He held his hand above the barbecue plate to test the heat, then threw the onions on to sizzle so the noise provided a background when he did say the words.
‘And is that why you’re here? Searching for answers?’
Caitlin didn’t respond immediately and the coldness grew, sending icy shards through his veins, pricking and cutting at the flesh inside him.
‘Looking more at permutations and combinations,’ she said at last. ‘I think answers are still a long way off.’
He dropped the steaks onto the grill and flipped the onions, concealing the rage and despair jostling for supremacy in his mind.
‘I don’t suppose it’s anything other than the incidence of leukaemia that interests you?’ he asked, his voice as cold as the blood within him.
He’d expected her to defend herself so when she didn’t reply he continued.
‘Look, this town has suffered enough. It’s just getting over the divisions caused by the last round of experts. How do you think they’re going to feel about you coming and poking your admittedly beautiful nose into their business?’
The anger remained but the despair had turned to the nameless kind of fear he’d felt earlier—not for himself, or the town, but for the woman who was about to stir up old animosities. He turned the steak then looked across to where she was standing, propped against the railing.
‘Perhaps we could discuss this rationally,’ she suggested bluntly. ‘Leaving out all the emotive stuff about the town and divisions and considering one basic fact. It is only through continuing research that puzzles like leukaemia—any cancer, in fact—will eventually be solved.’
‘You can’t leave people out of the equation,’ he objected, slapping steak and onions onto a plate and dumping it on the table. ‘Researchers sitting in labs might be dealing with bundles of mutating cells but those cells came from living human beings who hurt and cry and feel the pain of others.’
He headed for the kitchen, grabbed cutlery and returned, anger still burning.

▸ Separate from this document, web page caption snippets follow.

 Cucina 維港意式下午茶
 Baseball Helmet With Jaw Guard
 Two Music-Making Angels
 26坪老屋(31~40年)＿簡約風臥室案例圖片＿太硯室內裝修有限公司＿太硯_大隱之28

‘What do you hope to find that the other so-called experts failed to discover? There’s been no new case of leukaemia in this town for three and a half, nearly four, years. What can you possibly do at this stage?’

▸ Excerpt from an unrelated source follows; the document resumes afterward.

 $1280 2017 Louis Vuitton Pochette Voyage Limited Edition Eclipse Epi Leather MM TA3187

Caitlin felt the force of his anger but kept a clamp on her own temper. She understood what fuelled his rage but why were scientists always the bad guys? Why were they seen as passionless, unemotional people not affected by the pain and tears of others?
She sat down at the table and helped herself to salad, then, choosing her words carefully, said, ‘The other experts tested external factors—water, soil, air—seeking something that may have caused the problem. I’m not here to look into possible causes, but to try to trace genetic links between the families.’

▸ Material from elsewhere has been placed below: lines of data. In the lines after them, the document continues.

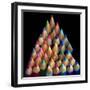 Colored Pencils-Magda Indigo-Framed Photographic Print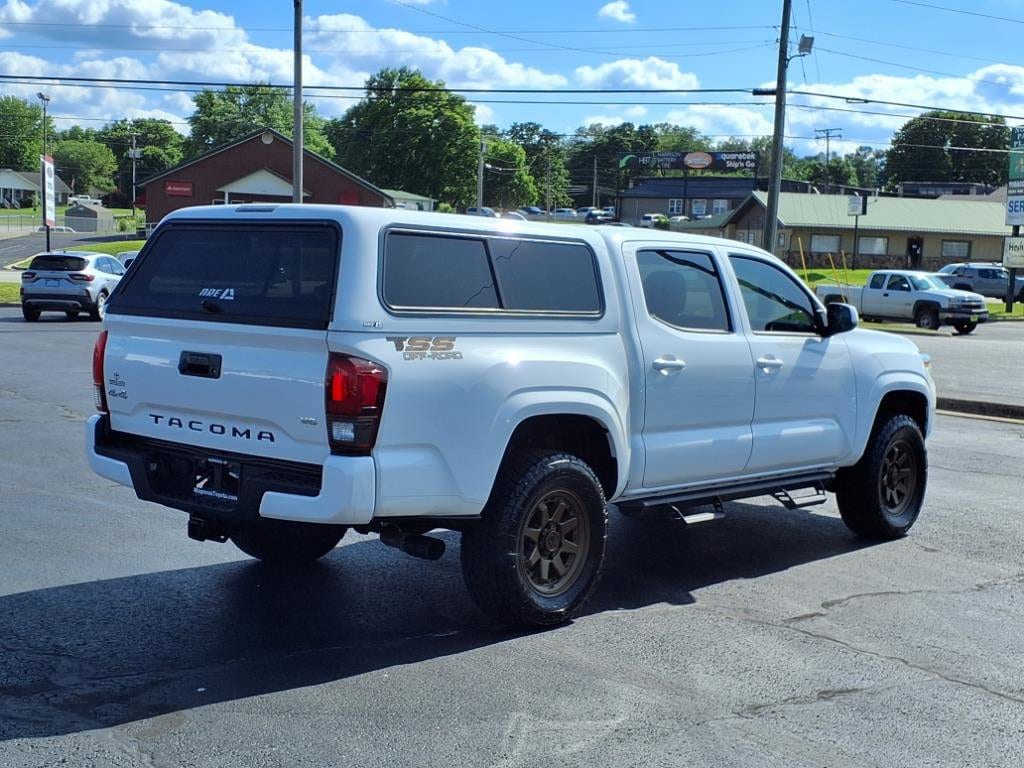 Used 2023 Toyota Tacoma SR with VIN 3TYCZ5AN6PT177478 for sale in Harrison, AR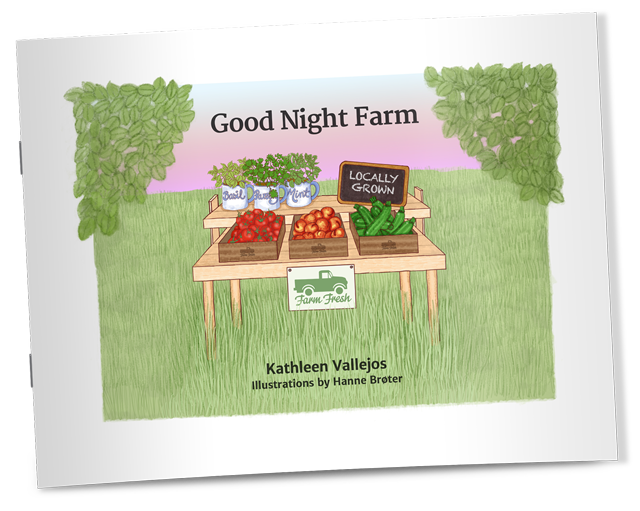 Good Night Farm book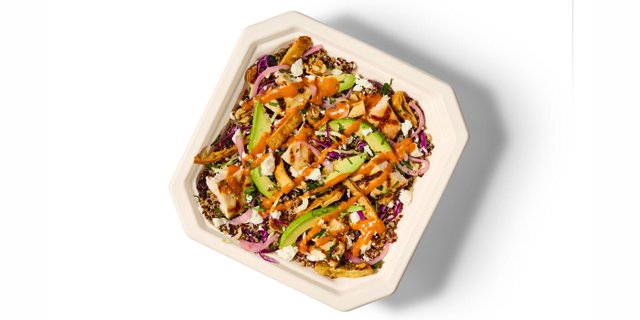 Mediterranean Bowl Bagged Lunch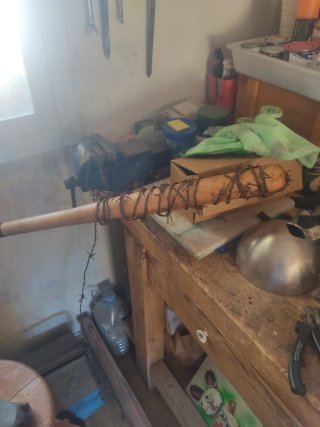 Negan Lucille The Walking Dead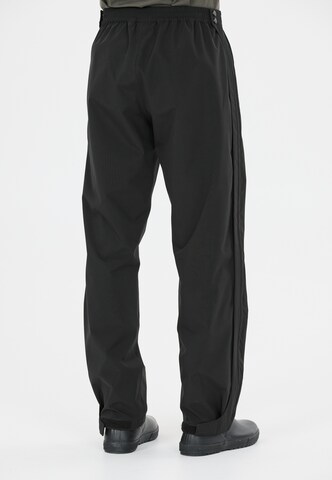 Weather Report Regular Regenhose 'Delton' in Schwarz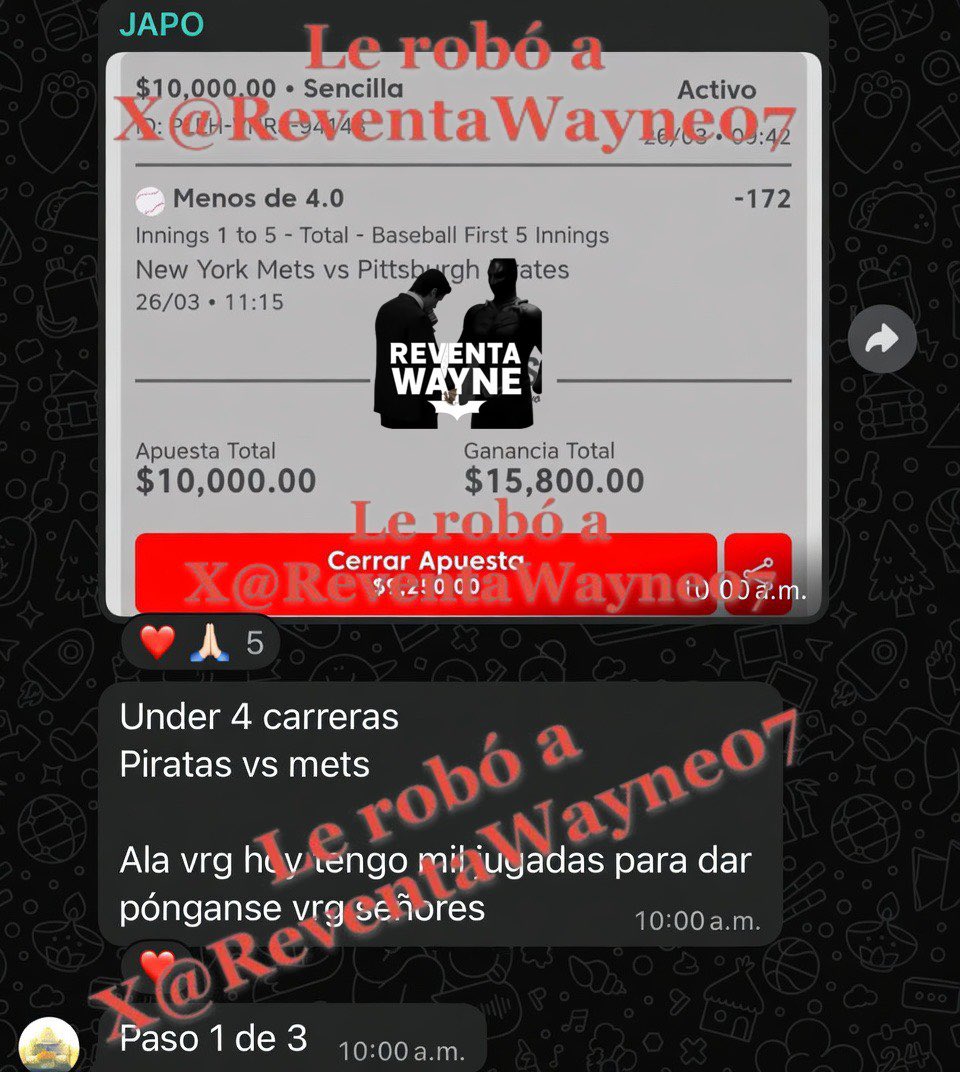 Reventa Wayne | Picks & Tipsters Premium tweet media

‘Leukaemia as an inherited predisposition? I thought the latest research on leukaemia was centred on the possibility of viral causes.’
He joined her at the table, glaring across it as he rebutted her statement.
She nodded, glad he was up on the latest research.
‘A virus that causes leukaemia in mice has been discovered, and an enormous amount of work is being carried out based on this find. No actual human virus has been isolated as yet, although the animal work points to the possibility of it. At the moment, scientists are studying a number of suspect viral infections which could be linked to cancer.’
‘Can I hear a “but” hovering at the end of that sentence?’
A lightening of his voice told her he was calming down, perhaps even becoming interested. She tried some steak while she formulated an answer that wouldn’t set up more barriers, and found it melting in her mouth. It was all she could do to stop the whimper of sheer pleasure.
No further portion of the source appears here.